With the help of ClickHouse functions, you can rapidly determine how many duplicate rows are present in a table and then eliminate them, leaving just the unique rows.
Let’s create a table:
CREATE TABLE default.exp_test ( `id` UInt32, `address` UInt32, `value` UInt32 ) ENGINE = MergeTree ORDER BY tuple()
Let’s insert 10 million random data:
INSERT INTO exp_test SELECT rand32() / 1000, rand32() / 100000, rand32() / 10000 FROM numbers(10000000)
Let’s quickly review the data:
SELECT * FROM exp_test LIMIT 5 ┌───id─┬─address─┬──value─┐ │ 1260 │ 12608 │ 126083 │ │ 1438 │ 14389 │ 143897 │ │ 3386 │ 33866 │ 338666 │ │ 1435 │ 14359 │ 143593 │ │ 2327 │ 23272 │ 232727 │ └──────┴─────────┴────────┘
Figure out the duplicate data with uniq() function approximately. Duplicate data is easily estimated in this manner.
SELECT uniq(*) FROM exp_test ┌─uniq(id, address, value)─┐ │ 3866551 │ └──────────────────────────┘
However, we can use the DISTINCT function to get a more precise result:
SELECT countDistinct(id, address, value) FROM exp_test ┌─uniqExact(id, address, value)─┐ │ 3875983 │ └───────────────────────────────┘
The total duplicate rate can be compared to all the data:
SELECT countDistinct(id, address, value) / count(*) FROM exp_test ┌─divide(uniq(id, address, value), count())─┐ │ 0.3875983 │ └───────────────────────────────────────────┘
So %0,39 data is duplicated. How can we deduplicate these duplicates?

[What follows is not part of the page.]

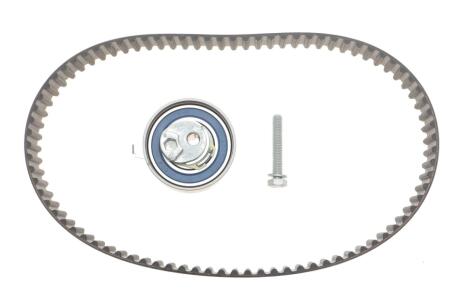 Комплект ремня грм SKF VKMA 01332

OPTIMIZE TABLE exp_test FINAL DEDUPLICATE; or OPTIMIZE TABLE exp_test FINAL DEDUPLICATE BY id, address, value;
Only distinct rows will remain in the table as a result:
SELECT countDistinct(id, address, value) / count(*) FROM exp_test ┌─divide(uniqExact(id, address, value), count())─┐ │ 1 │ └────────────────────────────────────────────────┘
If you choose to utilize the uniq function over DISTINCT, uniq can be any number of parameters passed to the function. Tuple, Array, Date, DateTime, String, and numeric type parameters are all acceptable.